Caption-style text data
☆ ☆ ☆ ☆

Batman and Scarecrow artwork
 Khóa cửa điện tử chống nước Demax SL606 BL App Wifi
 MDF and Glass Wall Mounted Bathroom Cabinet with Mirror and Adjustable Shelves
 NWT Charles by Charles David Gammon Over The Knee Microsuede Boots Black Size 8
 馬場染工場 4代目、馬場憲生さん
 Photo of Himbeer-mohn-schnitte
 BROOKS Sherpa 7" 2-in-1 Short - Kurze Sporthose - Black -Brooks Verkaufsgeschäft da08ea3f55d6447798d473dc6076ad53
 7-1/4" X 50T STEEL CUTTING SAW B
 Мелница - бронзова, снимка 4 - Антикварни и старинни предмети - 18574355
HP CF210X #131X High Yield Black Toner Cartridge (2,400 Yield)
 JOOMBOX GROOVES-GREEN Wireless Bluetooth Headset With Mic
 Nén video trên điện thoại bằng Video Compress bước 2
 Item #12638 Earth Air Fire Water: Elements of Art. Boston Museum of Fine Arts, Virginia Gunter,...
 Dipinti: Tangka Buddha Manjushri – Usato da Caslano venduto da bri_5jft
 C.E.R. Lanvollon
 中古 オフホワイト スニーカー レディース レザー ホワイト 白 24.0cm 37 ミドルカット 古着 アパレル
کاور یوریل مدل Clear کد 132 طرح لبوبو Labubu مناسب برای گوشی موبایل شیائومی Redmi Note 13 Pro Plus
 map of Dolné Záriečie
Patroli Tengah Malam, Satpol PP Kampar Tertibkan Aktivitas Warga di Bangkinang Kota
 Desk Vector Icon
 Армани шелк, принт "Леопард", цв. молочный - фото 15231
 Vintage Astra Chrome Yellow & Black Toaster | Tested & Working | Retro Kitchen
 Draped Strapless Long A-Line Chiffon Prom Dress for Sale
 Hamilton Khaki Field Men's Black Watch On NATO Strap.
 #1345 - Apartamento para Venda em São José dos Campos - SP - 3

☆ ☆ ☆ ☆

REQUIRED WORK: Check every line of the entries for the string "điện". Give only the number of lines that hold it.

OUTPUT: 2